New tool clarifies how flies develop sight

An extreme closeup of the eyes of a fruit fly. (Credit: Getty Images)

A tool that finds and labels neurons during development has led to the discovery of new cell types in the visual system of flies, according to a new study.

The study, published in the Proceedings of the National Academy of Sciences, combines single-cell sequencing data with a new algorithm to identify pairs of genes that point to previously unknown cells in the brains of fruit flies.

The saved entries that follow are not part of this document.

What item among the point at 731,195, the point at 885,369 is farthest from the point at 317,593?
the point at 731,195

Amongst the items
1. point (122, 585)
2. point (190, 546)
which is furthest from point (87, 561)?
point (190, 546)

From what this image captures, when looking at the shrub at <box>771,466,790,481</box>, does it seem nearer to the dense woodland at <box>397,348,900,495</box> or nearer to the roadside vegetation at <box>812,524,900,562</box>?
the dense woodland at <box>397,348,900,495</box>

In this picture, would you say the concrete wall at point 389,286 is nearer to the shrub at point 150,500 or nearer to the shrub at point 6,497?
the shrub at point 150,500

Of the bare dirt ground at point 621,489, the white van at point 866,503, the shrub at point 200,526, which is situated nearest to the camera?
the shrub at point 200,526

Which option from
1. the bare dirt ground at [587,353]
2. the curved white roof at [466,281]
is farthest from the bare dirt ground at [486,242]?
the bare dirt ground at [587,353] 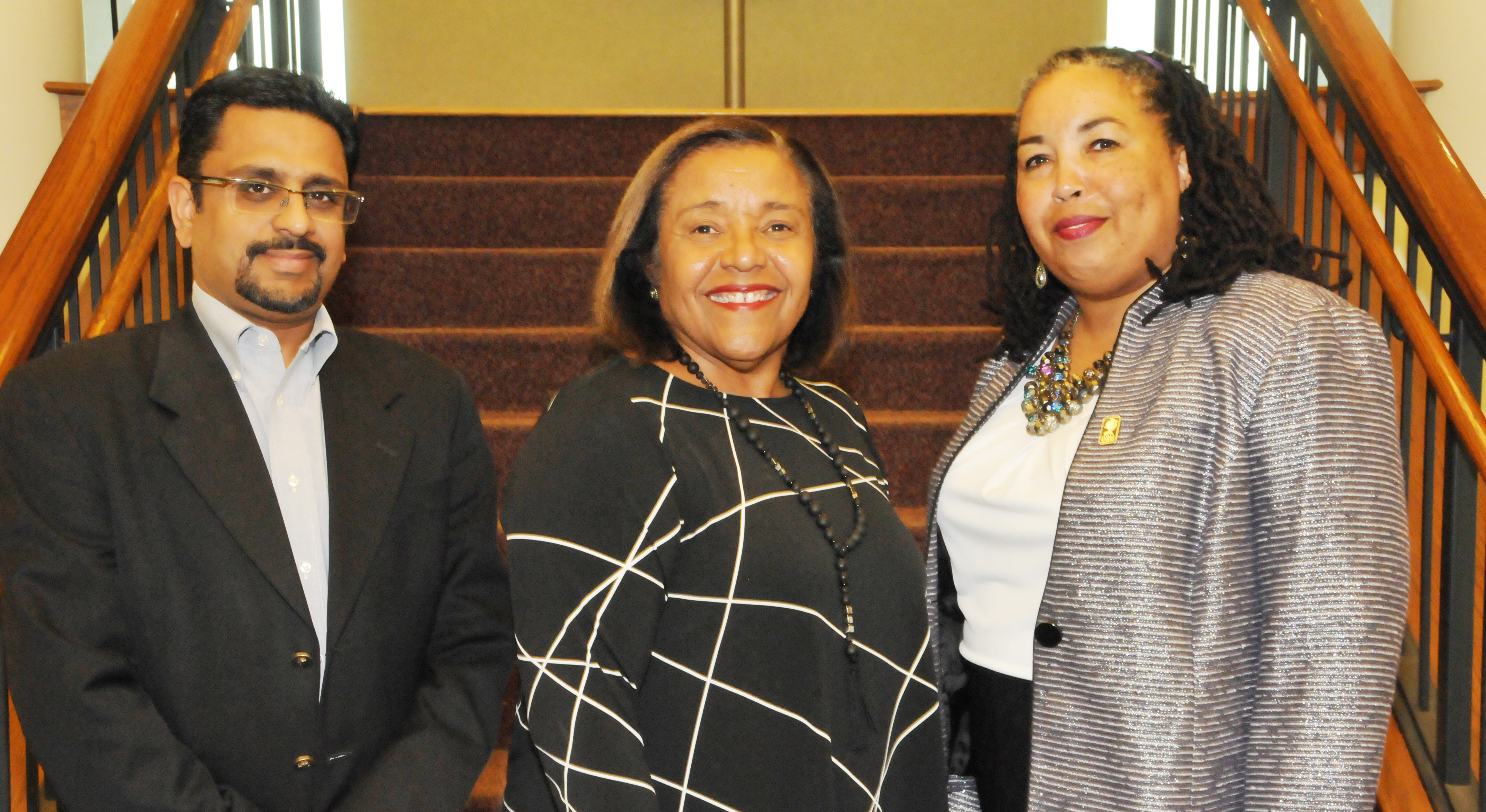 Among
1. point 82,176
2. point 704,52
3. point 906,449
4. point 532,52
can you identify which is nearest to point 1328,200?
point 906,449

Researchers have long used fruit flies (also known as Drosophila) as a model organism to study fundamental questions about the development and function of the brain. Instead of the 86 billion neurons found in humans, fruit flies have about 100,000 neurons—making research into the brain a more manageable, yet still complex, endeavor.

The use of genetic tools that can distinguish different types of cells in fruit flies has revolutionized the study of neural circuits in the brain, allowing scientists to understand circuit development, function, and behavior in a precise manner.

“A hallmark of the central nervous system is the diversity of different cell types that are responsible for so many different functions,” says senior author Claude Desplan, professor of biology and neural science at New York University.

Previous research in Desplan’s lab used single-cell sequencing to determine that there are approximately 200 cell types in the developing fly’s visual system. Single-cell sequencing reveals gene expression, so when cells have the same gene expression patterns, they are likely doing the same job and are therefore the same cell type.

Scientists could identify roughly half of the 200 cell types in the developing fly’s visual system based on their gene expression and prior studies, but they lacked a way to more easily study and label the other 100 cell types.

Existing tools that allowed precise manipulation of neural circuits of adult fruit flies often failed to label the same neurons during development, rendering these tools unfit to study cells in the developing brain.

“Moreover, the previous approach to identifying cell types involves laborious testing of numerous gene candidate combinations. We knew we needed a much more efficient approach to label specific cell types, and were able to tap into the growing amount of single-cell sequencing data that is available,” says first author Yu-Chieh David Chen, a postdoctoral associate in the biology department.

Chen and his colleagues created a tool that takes advantage of the extensive single-cell sequencing data for the developing fly visual system to identify genes—and combinations of genes—that are exclusively expressed in certain cell types.

To find a cell type, researchers typically look for genetic markers, or single genes that are specific to a cell type. But often a gene will be expressed in multiple cell types, making it difficult to use one gene to differentiate between them. The new tool uses a slightly different approach: finding two genes that overlap only in one cell type.

By feeding single-cell RNA sequencing data into an algorithm they created, the researchers systematically identified pairs of genes that are uniquely expressed in the majority of cell types in the fruit fly’s visual system at multiple stages of development. One such gene pair led to the discovery of MeSps, a brand-new cell type.

“Despite a long history of studying the fruit fly’s visual system, we had never seen this cell type before,” says Chen.

While future research will delve into the development and function of MeSps—for instance, whether it detects color, motion, or other features of light—this avenue of research will be made possible by the new tools.

The researchers note that their tools can also be used to study other systems beyond vision in the developing fly, as long as single-cell data are available. Moreover, their logic of finding marker gene pairs instead of one single marker gene can be applied in research in other species.

“Instead of looking for a single good marker gene, a simple tweak of just looking at two genes can achieve high cell-type specificity,” says Chen.

“This pioneering and efficient approach provides exceptional tools for the field of neuroscience to investigate developmental questions with high precision,” says Desplan.

Additional coauthors are from the University of Missouri-Kansas City, the University of Toronto-Mississauga, and NYU.

The National Institutes of Health supported the work.